┌─ DATA UNDER STUDY
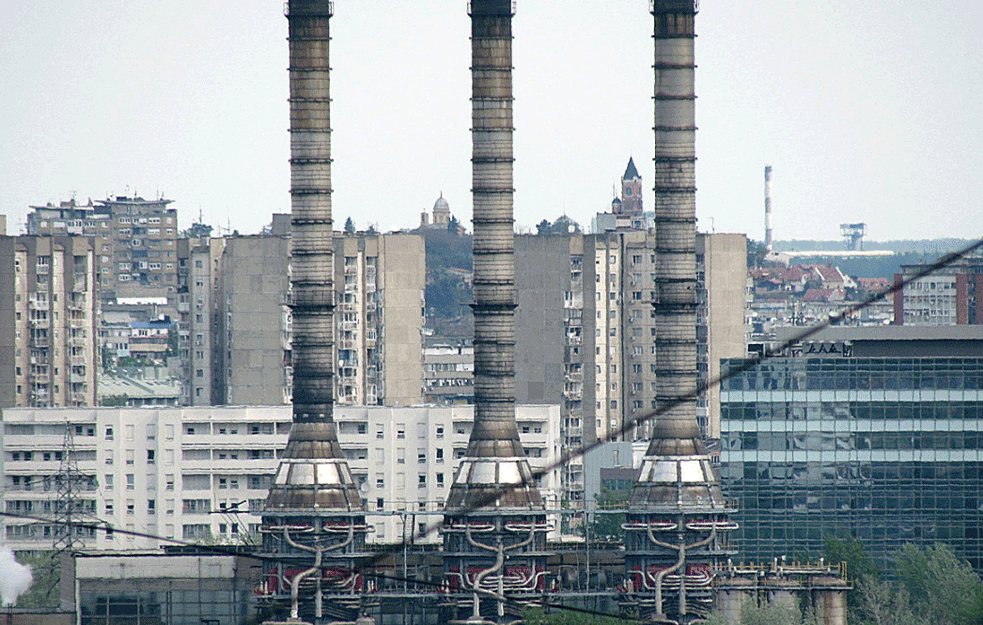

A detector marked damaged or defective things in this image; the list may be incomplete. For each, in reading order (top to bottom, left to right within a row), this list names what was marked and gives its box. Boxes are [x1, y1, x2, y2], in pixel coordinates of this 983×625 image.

corroded metal structure [262, 2, 368, 620]
corroded metal structure [446, 1, 552, 620]
corroded metal structure [632, 2, 736, 620]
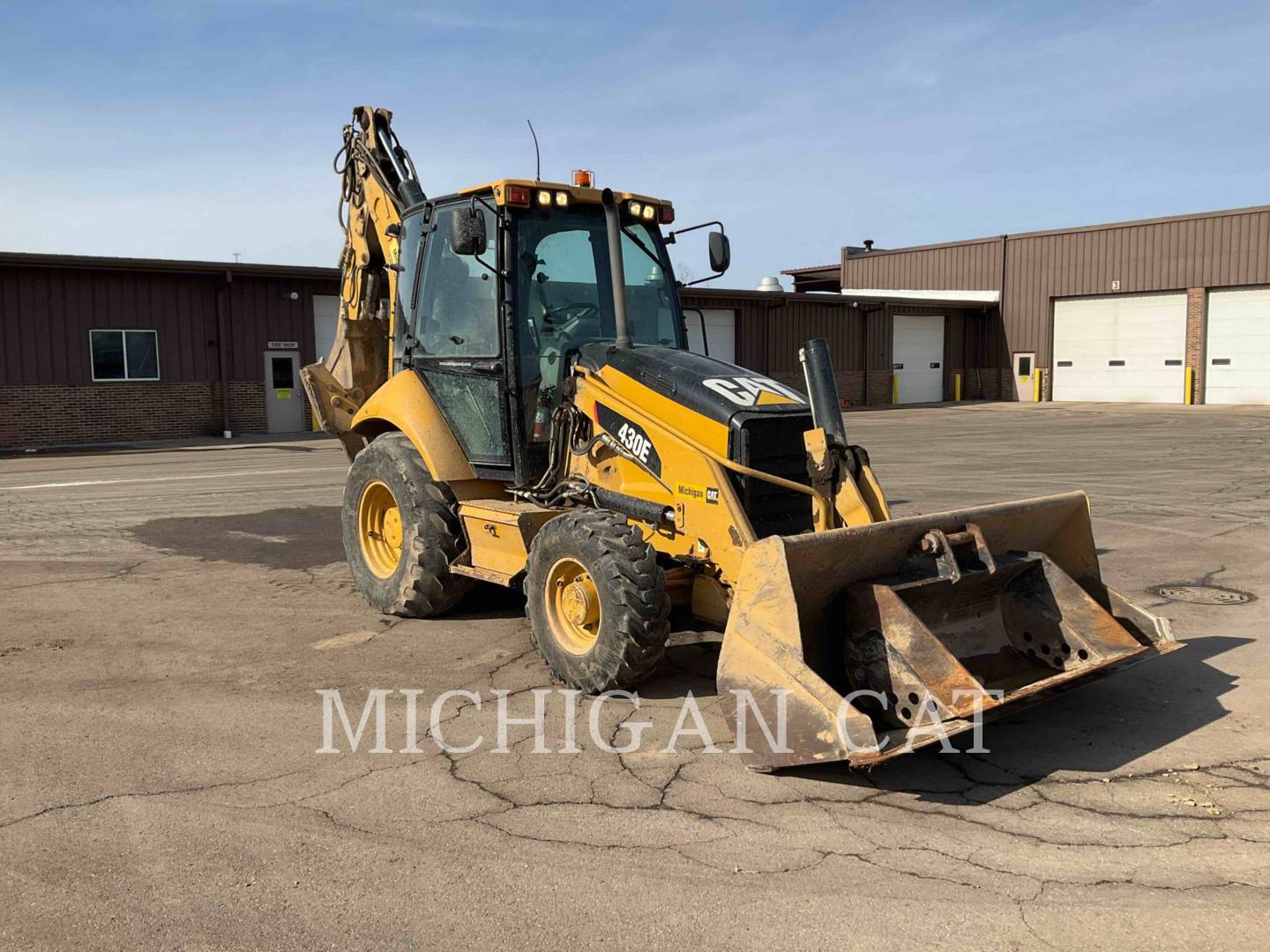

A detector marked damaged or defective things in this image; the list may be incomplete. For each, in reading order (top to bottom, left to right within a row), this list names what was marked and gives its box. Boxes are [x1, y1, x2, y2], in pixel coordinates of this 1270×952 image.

cracked asphalt [0, 403, 1265, 952]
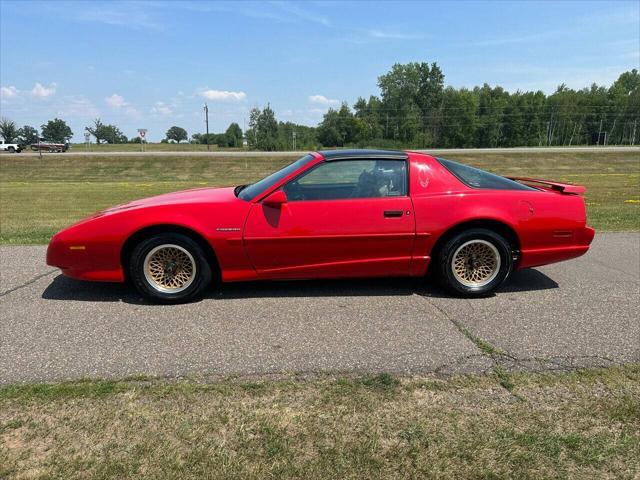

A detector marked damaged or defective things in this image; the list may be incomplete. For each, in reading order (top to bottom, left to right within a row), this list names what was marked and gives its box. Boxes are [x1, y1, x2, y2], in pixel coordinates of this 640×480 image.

pavement crack [0, 268, 58, 298]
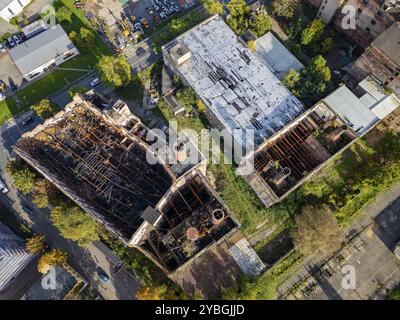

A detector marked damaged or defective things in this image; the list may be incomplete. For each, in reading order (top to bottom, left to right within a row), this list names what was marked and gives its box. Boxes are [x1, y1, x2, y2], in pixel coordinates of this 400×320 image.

burned building [15, 92, 266, 298]
burned building [242, 78, 400, 208]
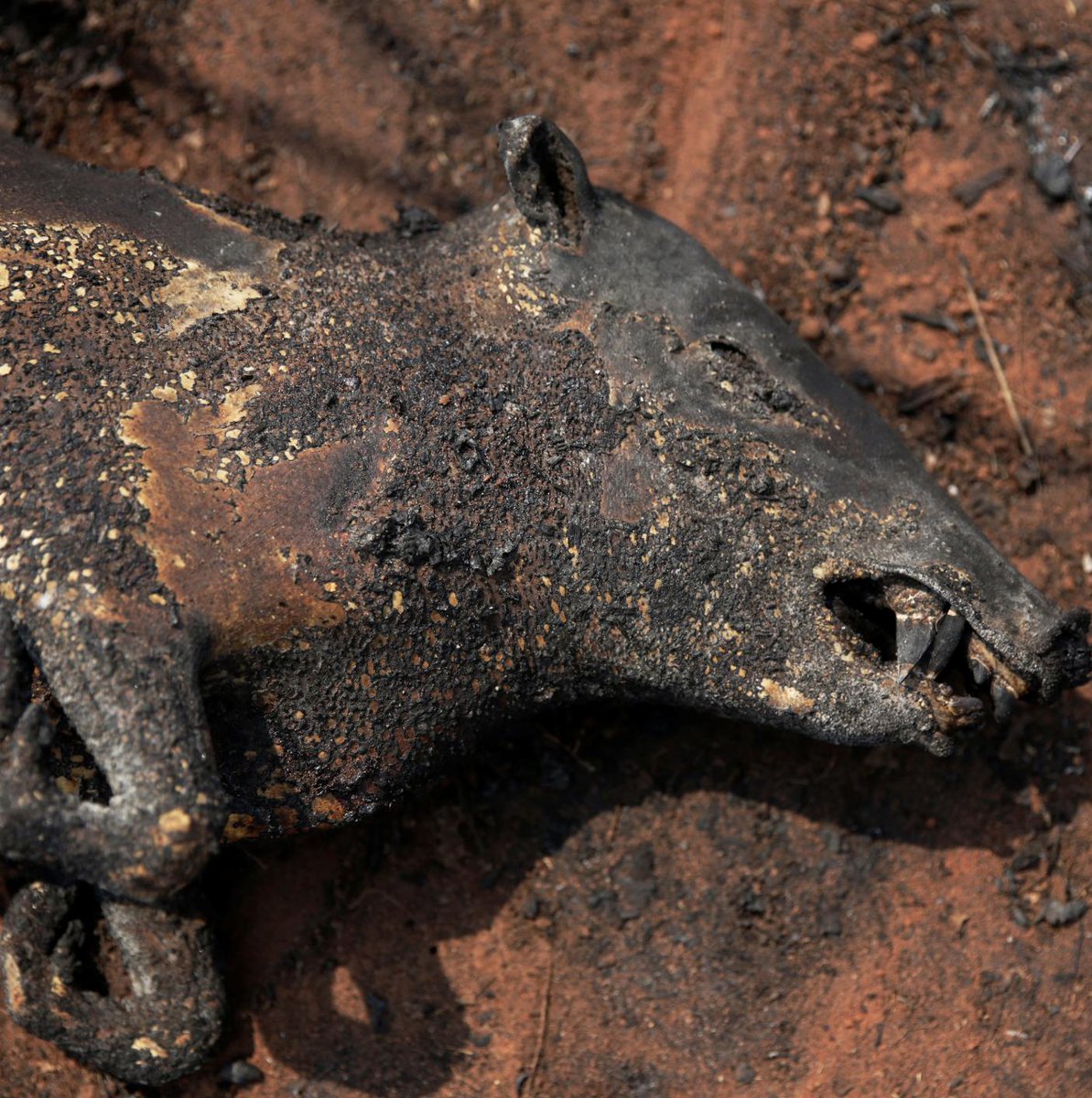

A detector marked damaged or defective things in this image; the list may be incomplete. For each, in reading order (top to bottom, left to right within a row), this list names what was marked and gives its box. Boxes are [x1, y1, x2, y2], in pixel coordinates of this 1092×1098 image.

burnt ear tip [496, 116, 597, 249]
charred leg [0, 878, 222, 1084]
└─
TASK
Transcribe exactly the span of lines from the line holding "this 400×320 image." through the last line above, both included. Pictures stay out.

TASK OUTPUT
A detector marked damaged or defective things in this image; the list may be incomplete. For each, in reading order (top to bottom, left to right within a row), this list names what was marked and gives its box. Boxes are [x1, y1, x2, y2], in pixel coordinates of this 400×320 image.

burned building [15, 92, 266, 298]
burned building [242, 78, 400, 208]

A detector marked damaged or defective things in this image; the list may be incomplete. For each, in reading order (top to bottom, left to right within a row), this list names what was marked and gives its box. Boxes are [x1, y1, x2, y2], in pixel coordinates of this 1092×1098 image.

burnt ear tip [496, 116, 597, 249]
charred leg [0, 878, 222, 1084]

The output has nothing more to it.